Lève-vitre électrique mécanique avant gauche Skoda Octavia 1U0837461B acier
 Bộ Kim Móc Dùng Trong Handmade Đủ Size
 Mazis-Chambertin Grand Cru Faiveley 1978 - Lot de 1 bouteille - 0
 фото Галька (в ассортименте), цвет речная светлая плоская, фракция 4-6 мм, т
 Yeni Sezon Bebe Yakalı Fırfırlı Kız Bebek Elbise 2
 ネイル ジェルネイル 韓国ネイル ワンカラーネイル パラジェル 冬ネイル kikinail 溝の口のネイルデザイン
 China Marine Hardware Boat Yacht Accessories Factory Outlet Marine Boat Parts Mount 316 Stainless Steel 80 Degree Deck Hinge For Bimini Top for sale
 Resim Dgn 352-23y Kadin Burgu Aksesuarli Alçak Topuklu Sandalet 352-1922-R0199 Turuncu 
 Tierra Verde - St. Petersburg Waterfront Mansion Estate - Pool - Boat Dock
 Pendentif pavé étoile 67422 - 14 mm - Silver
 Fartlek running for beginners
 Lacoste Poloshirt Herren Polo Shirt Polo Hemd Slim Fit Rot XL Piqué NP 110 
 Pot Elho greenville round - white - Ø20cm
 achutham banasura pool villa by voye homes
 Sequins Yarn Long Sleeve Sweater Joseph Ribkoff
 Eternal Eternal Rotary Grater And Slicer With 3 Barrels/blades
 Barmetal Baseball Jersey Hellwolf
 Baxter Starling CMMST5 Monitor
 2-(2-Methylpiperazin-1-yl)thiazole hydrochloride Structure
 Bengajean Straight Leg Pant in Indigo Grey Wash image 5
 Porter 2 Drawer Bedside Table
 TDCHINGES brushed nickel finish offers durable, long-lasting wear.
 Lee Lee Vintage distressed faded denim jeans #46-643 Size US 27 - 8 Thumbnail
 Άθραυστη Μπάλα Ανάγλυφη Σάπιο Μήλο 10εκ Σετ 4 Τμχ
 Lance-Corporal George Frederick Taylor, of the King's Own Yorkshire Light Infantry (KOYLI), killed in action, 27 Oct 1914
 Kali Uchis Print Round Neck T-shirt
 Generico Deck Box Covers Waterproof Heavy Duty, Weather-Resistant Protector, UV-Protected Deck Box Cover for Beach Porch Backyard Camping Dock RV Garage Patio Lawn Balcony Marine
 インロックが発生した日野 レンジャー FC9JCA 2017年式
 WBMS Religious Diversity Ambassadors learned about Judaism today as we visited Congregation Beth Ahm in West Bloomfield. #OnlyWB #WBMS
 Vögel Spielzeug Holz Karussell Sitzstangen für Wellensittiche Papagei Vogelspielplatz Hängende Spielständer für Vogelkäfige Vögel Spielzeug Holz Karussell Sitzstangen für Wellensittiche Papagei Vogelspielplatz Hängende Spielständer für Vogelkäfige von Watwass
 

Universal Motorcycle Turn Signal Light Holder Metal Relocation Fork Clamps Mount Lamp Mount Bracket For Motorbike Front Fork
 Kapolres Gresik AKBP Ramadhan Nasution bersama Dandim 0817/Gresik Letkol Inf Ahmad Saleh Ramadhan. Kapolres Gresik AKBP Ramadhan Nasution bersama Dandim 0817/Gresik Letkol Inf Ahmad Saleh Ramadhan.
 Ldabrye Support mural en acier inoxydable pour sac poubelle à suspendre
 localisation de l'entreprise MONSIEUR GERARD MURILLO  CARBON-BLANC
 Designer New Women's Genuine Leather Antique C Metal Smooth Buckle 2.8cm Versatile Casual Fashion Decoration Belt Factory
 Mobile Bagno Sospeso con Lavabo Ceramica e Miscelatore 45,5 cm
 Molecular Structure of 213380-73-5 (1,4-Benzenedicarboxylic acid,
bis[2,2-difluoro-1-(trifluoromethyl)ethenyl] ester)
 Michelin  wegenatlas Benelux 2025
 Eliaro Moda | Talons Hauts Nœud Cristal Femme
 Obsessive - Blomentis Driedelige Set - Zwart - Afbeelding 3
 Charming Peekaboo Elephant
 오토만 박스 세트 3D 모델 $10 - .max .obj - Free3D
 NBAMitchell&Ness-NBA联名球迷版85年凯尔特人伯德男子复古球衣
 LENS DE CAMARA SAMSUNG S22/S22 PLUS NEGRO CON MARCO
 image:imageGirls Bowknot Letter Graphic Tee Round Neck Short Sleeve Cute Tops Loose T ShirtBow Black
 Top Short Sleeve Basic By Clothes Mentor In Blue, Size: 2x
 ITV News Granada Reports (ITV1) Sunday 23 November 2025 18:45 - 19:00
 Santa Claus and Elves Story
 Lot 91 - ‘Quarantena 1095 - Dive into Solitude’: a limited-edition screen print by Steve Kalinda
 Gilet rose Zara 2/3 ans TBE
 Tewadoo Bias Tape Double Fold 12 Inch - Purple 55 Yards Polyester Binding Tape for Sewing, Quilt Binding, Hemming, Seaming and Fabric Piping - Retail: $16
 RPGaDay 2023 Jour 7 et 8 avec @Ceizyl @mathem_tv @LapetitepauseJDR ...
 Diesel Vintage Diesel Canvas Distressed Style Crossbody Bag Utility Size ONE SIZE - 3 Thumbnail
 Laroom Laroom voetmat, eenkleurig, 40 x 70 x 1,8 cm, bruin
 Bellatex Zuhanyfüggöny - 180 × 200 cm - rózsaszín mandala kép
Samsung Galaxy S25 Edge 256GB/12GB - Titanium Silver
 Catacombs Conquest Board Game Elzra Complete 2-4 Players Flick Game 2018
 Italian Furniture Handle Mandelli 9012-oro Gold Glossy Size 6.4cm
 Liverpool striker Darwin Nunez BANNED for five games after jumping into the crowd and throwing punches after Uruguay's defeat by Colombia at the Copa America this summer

************

* ABOUT THIS TASK *
Return all lines above that mention the word "Factory".

* EXERCISE RESPONSE *
 China Marine Hardware Boat Yacht Accessories Factory Outlet Marine Boat Parts Mount 316 Stainless Steel 80 Degree Deck Hinge For Bimini Top for sale
 Designer New Women's Genuine Leather Antique C Metal Smooth Buckle 2.8cm Versatile Casual Fashion Decoration Belt Factory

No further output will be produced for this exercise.